_Action item_
Retype exactly every line from the one that includes "Rick and Morty Kirkland Meeseeks Keychain" through the final line of the listing, both ends kept, and omit the pictures.

_Information_
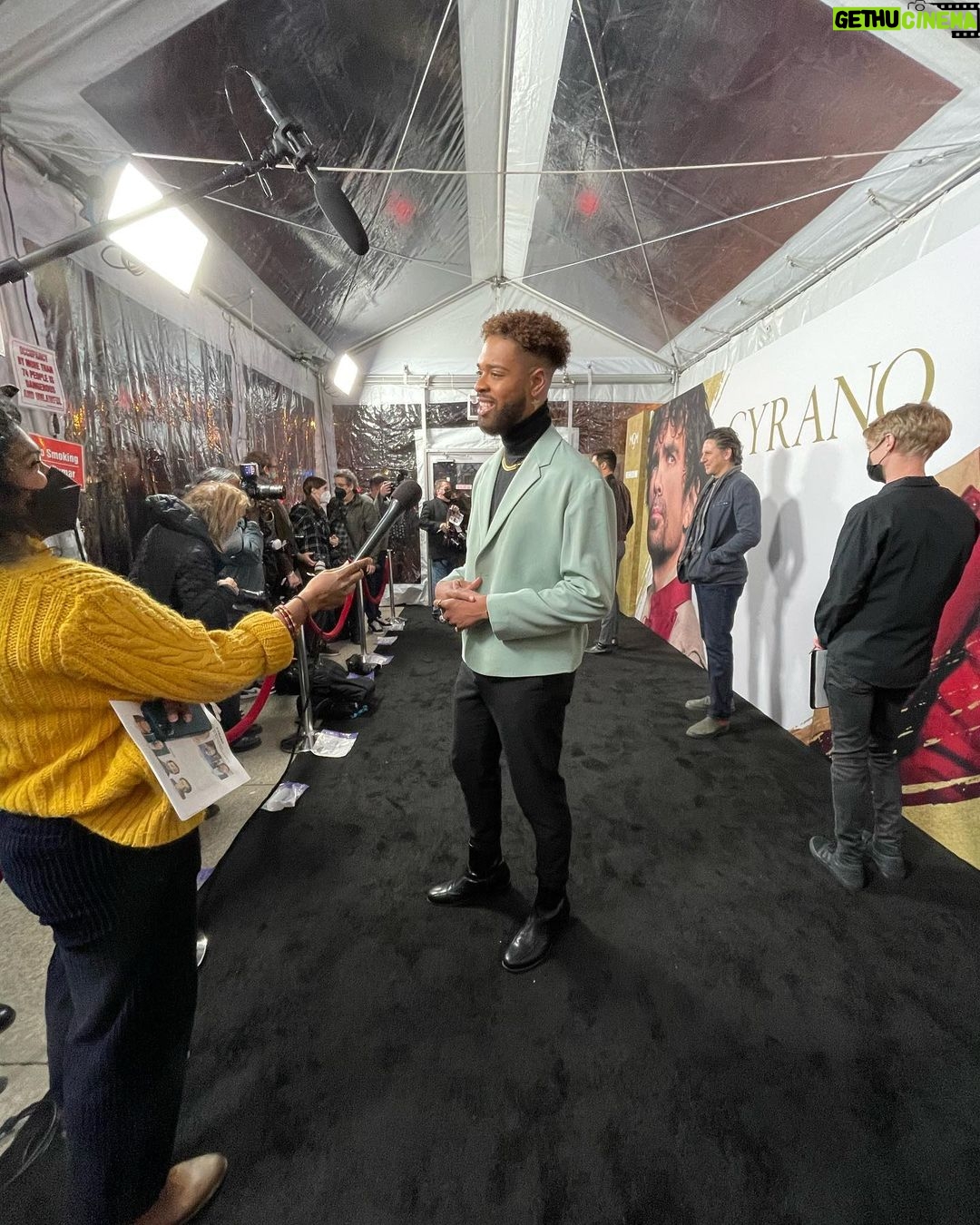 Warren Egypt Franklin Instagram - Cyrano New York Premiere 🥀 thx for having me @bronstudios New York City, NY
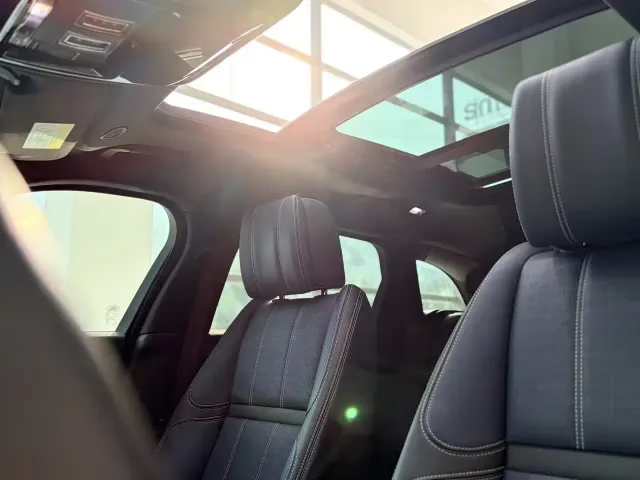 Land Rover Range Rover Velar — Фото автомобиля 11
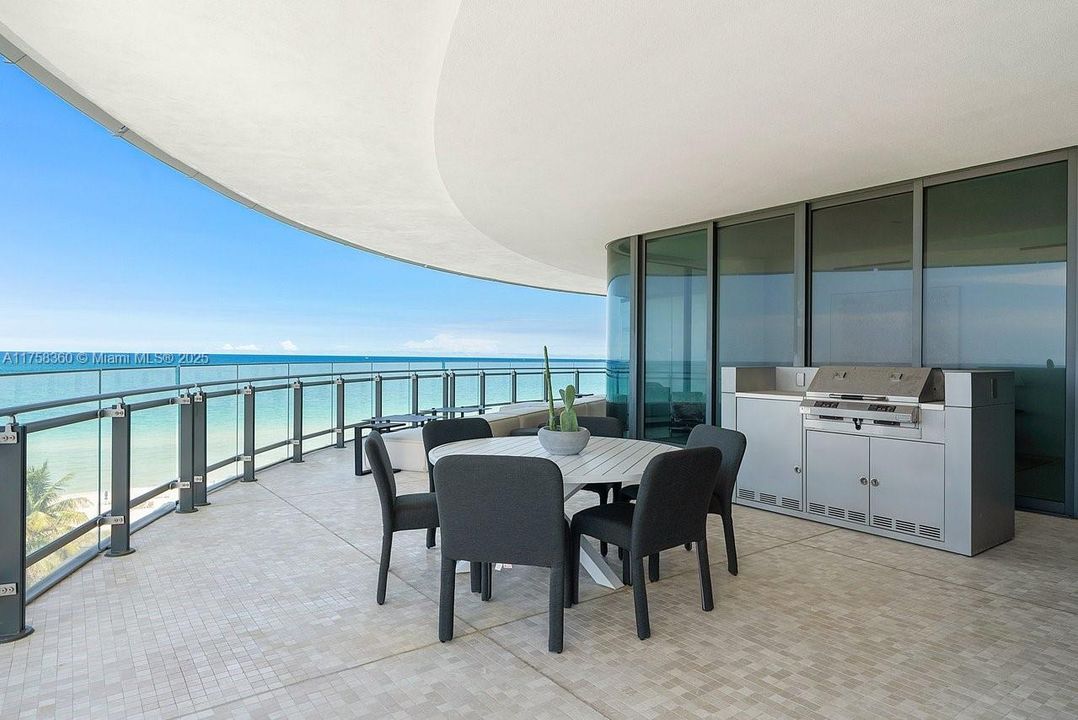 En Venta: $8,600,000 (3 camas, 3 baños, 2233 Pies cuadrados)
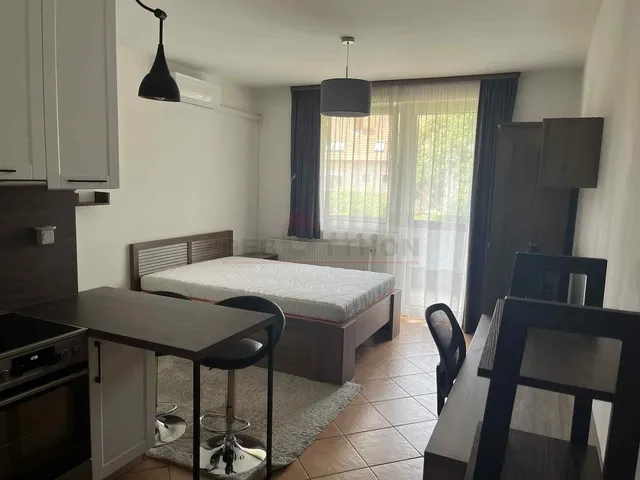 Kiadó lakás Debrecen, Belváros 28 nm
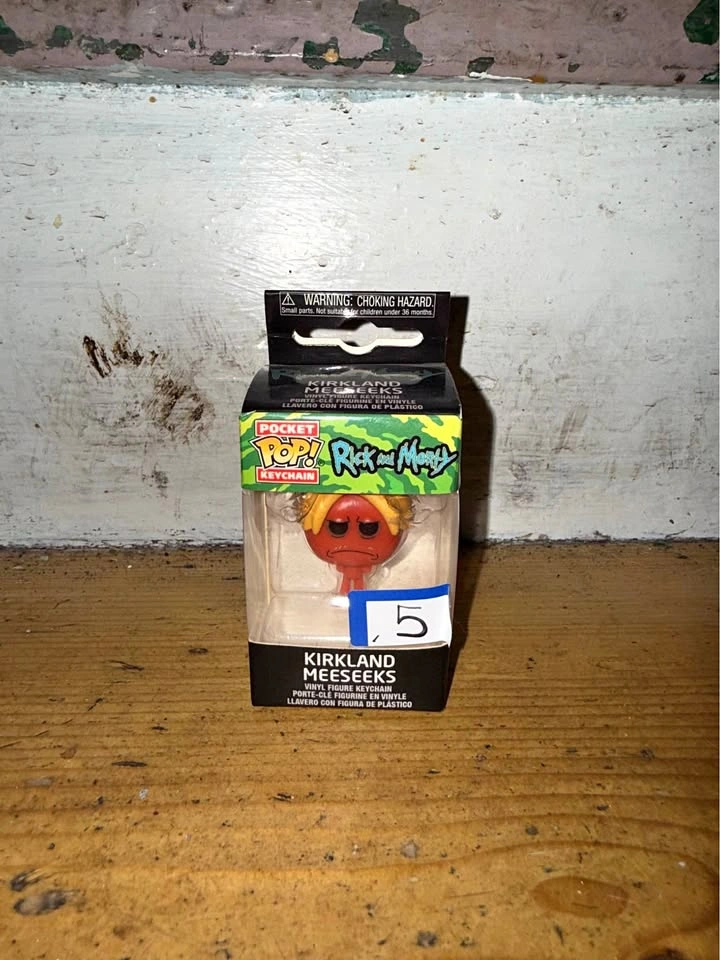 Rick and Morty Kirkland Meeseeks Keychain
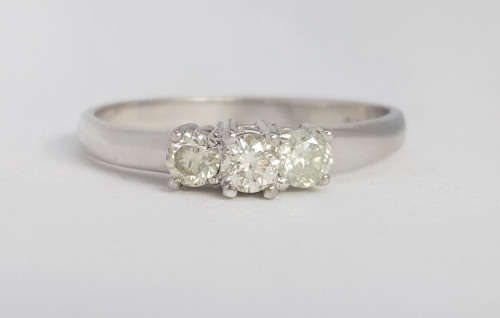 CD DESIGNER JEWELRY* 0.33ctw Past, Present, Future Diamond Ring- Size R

_Task answer_
 Rick and Morty Kirkland Meeseeks Keychain
 CD DESIGNER JEWELRY* 0.33ctw Past, Present, Future Diamond Ring- Size R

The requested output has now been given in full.